### Stored entries
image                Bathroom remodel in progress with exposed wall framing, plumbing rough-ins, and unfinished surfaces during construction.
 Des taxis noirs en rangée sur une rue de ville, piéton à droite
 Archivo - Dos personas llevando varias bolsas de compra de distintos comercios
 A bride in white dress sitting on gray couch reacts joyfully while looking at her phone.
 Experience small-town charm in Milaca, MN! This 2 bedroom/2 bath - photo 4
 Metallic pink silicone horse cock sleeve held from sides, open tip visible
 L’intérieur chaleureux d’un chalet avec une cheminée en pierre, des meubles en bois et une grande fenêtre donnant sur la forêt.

### Required action
Copy, without any change, the lines from the one that contains "Des taxis noirs" to the final line of the entries above.

### Answer to the problem
 Des taxis noirs en rangée sur une rue de ville, piéton à droite
 Archivo - Dos personas llevando varias bolsas de compra de distintos comercios
 A bride in white dress sitting on gray couch reacts joyfully while looking at her phone.
 Experience small-town charm in Milaca, MN! This 2 bedroom/2 bath - photo 4
 Metallic pink silicone horse cock sleeve held from sides, open tip visible
 L’intérieur chaleureux d’un chalet avec une cheminée en pierre, des meubles en bois et une grande fenêtre donnant sur la forêt.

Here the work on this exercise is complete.